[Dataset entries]
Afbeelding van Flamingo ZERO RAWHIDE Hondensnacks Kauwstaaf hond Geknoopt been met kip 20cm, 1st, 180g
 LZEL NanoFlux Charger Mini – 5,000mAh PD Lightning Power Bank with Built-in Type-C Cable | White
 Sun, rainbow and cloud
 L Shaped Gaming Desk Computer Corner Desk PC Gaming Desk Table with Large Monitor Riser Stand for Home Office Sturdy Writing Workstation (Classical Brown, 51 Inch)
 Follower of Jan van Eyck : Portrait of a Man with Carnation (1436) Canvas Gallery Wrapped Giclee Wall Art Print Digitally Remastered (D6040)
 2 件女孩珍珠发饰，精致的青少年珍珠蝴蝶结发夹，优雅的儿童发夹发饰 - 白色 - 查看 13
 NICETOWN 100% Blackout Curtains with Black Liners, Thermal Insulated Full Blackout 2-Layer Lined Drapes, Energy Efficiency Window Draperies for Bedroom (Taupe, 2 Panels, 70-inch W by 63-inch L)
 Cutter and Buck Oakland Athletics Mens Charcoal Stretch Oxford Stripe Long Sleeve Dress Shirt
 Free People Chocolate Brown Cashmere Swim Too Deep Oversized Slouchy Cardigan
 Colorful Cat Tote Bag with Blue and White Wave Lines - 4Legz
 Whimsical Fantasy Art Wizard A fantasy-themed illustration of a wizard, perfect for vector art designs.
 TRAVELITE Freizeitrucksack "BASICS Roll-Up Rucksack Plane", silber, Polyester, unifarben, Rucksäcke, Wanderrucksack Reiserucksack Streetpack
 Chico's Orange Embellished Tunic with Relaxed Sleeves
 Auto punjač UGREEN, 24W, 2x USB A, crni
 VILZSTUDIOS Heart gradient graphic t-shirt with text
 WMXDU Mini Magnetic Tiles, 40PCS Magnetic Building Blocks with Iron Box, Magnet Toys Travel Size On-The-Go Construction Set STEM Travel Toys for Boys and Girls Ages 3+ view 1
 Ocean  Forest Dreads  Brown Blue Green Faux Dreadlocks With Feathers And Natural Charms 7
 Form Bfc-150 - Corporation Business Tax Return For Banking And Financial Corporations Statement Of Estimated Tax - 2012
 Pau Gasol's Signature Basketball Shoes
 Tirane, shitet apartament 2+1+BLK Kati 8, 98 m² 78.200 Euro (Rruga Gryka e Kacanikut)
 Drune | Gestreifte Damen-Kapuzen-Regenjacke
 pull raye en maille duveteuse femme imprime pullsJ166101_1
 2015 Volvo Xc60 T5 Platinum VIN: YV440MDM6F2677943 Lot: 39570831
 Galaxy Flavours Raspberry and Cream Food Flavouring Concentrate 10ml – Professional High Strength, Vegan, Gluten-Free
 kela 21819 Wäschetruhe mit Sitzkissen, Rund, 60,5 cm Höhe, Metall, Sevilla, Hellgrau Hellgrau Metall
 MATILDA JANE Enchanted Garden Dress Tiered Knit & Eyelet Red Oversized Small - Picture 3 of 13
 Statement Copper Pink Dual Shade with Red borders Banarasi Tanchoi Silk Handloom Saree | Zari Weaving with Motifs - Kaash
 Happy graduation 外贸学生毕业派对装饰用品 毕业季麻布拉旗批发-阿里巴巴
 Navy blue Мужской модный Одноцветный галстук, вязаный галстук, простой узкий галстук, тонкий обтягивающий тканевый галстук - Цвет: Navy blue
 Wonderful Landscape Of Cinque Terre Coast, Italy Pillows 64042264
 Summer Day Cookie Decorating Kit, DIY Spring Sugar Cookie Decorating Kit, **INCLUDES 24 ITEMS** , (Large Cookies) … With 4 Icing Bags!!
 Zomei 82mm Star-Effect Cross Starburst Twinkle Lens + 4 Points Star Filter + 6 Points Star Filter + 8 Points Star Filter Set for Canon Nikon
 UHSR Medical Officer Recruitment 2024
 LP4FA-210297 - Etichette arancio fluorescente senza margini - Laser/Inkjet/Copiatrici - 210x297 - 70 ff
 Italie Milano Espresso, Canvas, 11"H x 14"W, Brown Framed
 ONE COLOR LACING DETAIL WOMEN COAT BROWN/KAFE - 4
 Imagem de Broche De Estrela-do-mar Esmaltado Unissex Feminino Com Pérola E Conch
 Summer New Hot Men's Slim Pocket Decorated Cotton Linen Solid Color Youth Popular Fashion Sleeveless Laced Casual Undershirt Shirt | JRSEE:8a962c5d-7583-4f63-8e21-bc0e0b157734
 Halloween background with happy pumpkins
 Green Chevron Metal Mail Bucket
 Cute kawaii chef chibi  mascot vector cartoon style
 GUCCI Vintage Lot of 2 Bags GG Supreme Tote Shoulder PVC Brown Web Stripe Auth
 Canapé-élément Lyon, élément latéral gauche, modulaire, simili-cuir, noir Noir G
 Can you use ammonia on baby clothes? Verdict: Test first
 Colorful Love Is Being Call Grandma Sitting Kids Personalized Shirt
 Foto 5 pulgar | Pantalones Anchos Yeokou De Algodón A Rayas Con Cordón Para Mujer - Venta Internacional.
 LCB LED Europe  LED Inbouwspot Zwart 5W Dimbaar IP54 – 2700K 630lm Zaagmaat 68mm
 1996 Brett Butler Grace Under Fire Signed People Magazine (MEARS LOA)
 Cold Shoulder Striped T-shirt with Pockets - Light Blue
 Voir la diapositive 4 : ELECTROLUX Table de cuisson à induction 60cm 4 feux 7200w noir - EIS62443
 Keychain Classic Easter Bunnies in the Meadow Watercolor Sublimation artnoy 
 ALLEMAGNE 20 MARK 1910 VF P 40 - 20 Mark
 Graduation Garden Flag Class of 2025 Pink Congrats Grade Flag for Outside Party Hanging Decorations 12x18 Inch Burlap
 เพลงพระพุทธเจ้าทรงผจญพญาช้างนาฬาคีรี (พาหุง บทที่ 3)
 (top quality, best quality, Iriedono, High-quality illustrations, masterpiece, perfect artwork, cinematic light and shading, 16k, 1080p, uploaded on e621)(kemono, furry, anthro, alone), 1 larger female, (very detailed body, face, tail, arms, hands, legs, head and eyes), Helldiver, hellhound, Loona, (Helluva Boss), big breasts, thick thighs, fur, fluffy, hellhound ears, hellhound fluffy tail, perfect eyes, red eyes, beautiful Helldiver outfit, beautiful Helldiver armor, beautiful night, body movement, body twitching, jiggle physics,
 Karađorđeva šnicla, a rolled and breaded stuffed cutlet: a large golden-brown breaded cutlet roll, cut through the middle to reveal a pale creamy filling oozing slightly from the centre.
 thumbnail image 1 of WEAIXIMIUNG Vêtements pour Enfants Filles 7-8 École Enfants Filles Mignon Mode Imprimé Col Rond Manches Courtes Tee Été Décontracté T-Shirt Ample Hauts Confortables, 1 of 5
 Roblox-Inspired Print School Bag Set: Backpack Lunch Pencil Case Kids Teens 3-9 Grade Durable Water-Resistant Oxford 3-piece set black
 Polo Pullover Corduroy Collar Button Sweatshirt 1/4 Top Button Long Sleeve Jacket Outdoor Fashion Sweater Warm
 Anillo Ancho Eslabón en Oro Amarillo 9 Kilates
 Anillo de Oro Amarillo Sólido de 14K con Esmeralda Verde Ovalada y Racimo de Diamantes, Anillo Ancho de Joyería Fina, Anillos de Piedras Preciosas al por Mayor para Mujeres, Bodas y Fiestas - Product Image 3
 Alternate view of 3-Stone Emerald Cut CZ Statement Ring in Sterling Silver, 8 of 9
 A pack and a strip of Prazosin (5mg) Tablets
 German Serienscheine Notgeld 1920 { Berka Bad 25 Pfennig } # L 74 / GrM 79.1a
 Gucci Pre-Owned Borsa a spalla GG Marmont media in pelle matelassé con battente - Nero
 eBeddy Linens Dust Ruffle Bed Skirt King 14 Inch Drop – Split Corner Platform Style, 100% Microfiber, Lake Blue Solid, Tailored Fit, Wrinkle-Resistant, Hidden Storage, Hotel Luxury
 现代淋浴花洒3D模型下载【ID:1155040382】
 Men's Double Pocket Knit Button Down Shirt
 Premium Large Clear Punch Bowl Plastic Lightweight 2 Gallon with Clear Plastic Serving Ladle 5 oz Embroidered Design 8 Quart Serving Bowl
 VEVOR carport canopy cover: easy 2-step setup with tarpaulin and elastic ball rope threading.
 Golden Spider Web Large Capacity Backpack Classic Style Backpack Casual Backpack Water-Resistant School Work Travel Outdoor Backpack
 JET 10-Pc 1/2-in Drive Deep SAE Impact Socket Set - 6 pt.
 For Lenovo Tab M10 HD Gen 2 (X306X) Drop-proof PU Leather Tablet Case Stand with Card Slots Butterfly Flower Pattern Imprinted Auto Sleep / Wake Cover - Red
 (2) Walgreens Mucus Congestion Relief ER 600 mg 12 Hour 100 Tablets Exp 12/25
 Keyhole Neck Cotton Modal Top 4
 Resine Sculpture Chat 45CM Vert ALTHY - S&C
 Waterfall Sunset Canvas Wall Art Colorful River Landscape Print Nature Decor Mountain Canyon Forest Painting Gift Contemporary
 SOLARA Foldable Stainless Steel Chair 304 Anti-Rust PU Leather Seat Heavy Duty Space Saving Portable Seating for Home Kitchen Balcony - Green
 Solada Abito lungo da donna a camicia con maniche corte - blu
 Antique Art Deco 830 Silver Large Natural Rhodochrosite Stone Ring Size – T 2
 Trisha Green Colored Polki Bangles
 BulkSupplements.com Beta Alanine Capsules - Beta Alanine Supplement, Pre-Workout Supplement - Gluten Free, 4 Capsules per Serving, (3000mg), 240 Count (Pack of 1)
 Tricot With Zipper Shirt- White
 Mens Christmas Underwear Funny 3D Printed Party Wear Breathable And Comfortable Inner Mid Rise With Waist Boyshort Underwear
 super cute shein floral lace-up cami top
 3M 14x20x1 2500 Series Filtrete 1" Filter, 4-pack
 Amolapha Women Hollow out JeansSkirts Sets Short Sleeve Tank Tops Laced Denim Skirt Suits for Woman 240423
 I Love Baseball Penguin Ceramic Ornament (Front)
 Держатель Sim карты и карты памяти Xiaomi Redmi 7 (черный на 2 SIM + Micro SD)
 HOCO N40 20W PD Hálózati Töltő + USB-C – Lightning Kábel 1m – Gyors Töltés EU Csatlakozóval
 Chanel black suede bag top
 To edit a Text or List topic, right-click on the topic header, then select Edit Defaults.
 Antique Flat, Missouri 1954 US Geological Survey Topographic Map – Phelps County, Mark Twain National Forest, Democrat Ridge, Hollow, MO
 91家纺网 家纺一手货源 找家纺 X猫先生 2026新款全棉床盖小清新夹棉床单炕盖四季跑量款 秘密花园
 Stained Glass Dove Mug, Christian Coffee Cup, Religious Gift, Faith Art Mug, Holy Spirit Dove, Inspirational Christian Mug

__Work instructions__: Using the records above, say how many lines include the string "Hollow". Only the number is wanted.

__Answer for the task__: 2